THE STRUGGLE IS FAR FROM OVER
WHEN I read the story last week about Nozipho Mthembu, the former Grade 5 teacher at Rustenburg Girls’ Junior School who claims she was forced to resign, it brought back memories of how I found myself in a similar situation more than 20 years ago when I began to question my own competence based on concerns raised by my mainly white bosses.
Mthembu, the first black teacher in the Rondebosch school’s 125-year history, reportedly says she has been unfairly discriminated against and asked to resign by the principal or face a disciplinary hearing. She took the school to the CCMA.
I realise that the sacrifices that we made when we became a democracy have not made much of a difference to many people and that those people who felt entitled during apartheid, still feel entitled. Or rather, their offspring feel as entitled as they did.
Racism takes different forms. It does not have to be blatant in the form of someone beating you or swearing at you because of the colour of your skin. Most of the time it is psychological and disguised behind notions of “but we have given you an opportunity” or “we are only trying to make certain that you perform at an optimal level”.
One of the reasons I left Struggle media in 1990 was that I realised that what we called the mainstream media – which was then mainly occupied by whites – would need to find senior black journalists when we became a democracy.
I had run several newsrooms and felt prepared for whatever the industry was prepared to throw at me. I spent the first few years back in mainstream media, where I had started my career before venturing into alternative media, at the Sunday Times. When I was approached to join the Cape Times as deputy editor, with the promise of becoming editor within a year, I had no idea how difficult the transition was going to be before I became editor.
The then Irish Powers That Be at Independent Newspapers identified a few of us as future leaders who should be “fast-tracked”. I refused to be fast-tracked because I believed I had the experience I needed for whatever position they were prepared to offer me.

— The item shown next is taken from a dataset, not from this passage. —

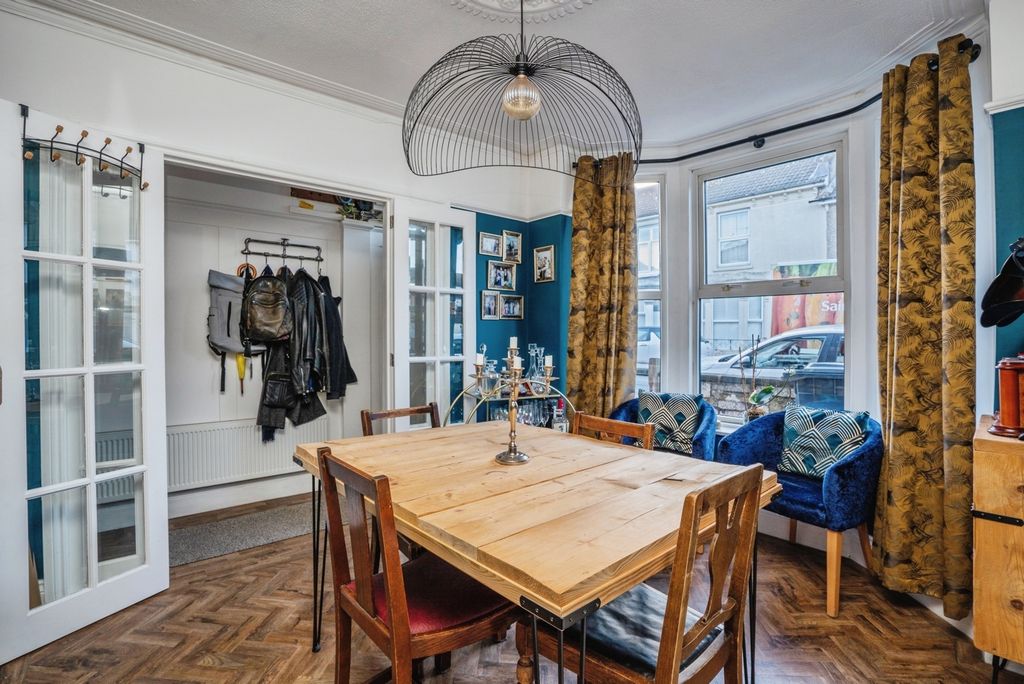 Property photo 2 of 20 Pbox-Img.Jpg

I had an additional problem.
All those who were supposed to be fast-tracked were black, with the exception of two white women. I questioned why no white men were being fast-tracked but it seemed that they did not need it, according to the company’s leadership.

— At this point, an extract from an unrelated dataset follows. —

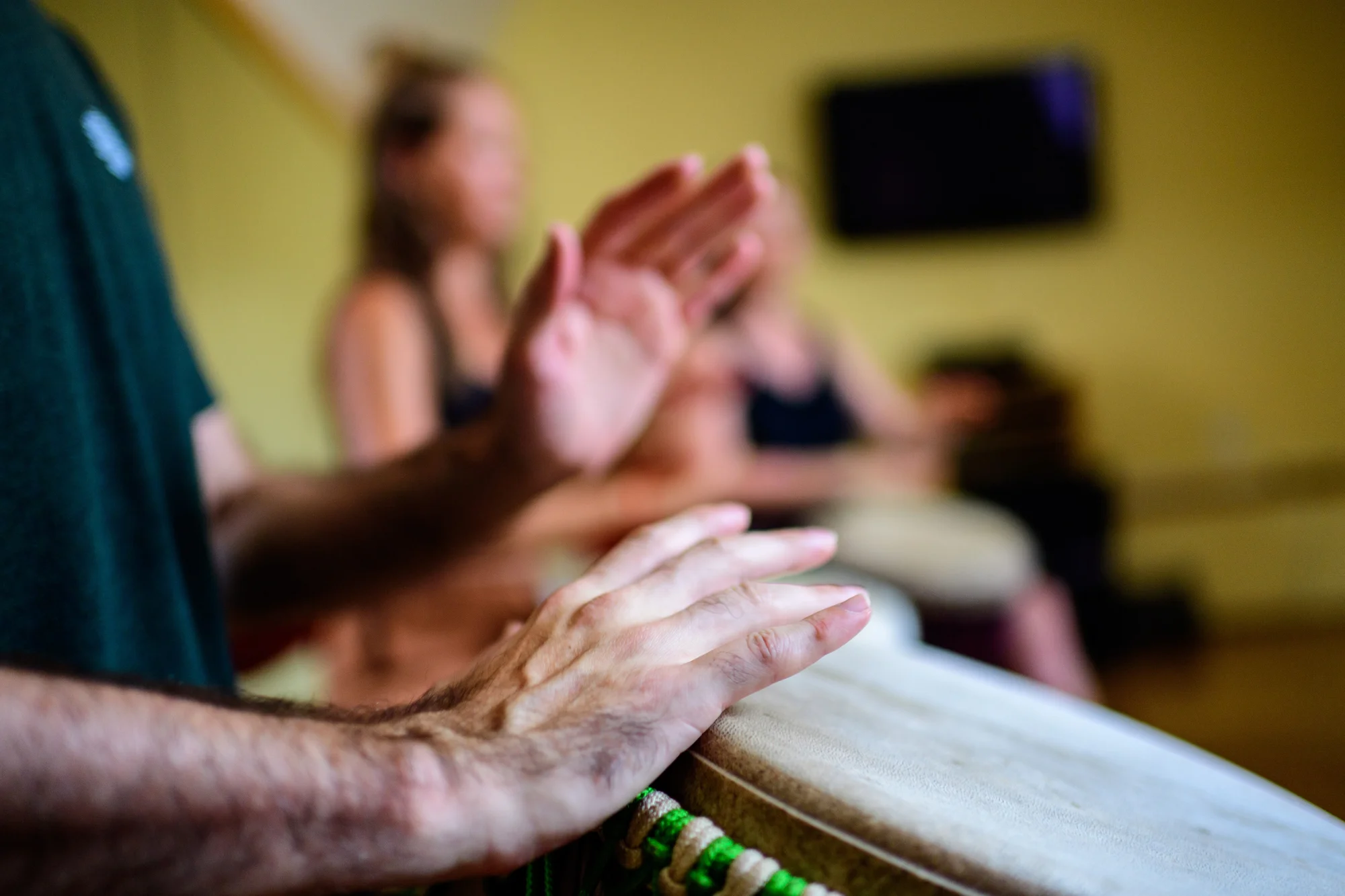 Skupinový workshop afrického bubnování na bubny djembe: 3 hodiny, vhodné pro začátečníky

Eventually, and after being told it was a suicidal career move to refuse being fast-tracked, I agreed to be on this special programme.
When I eventually became editor of the Cape Times, I noticed something strange about the media reports about my appointment.
All the reports spoke about how “young” I was. I assume that they wanted to invoke all the potential negative connotations associated with being “young”, like “wild”, “immature” or “irresponsible”.
I realised that there were two white editors who had been appointed before me and there was no reference to how young they were. Throughout my term as editor, I felt that there were people in the leadership of the company who did not want me in this position.
The Mthembu case has shown that, more than 20 years later, our battles are still the same.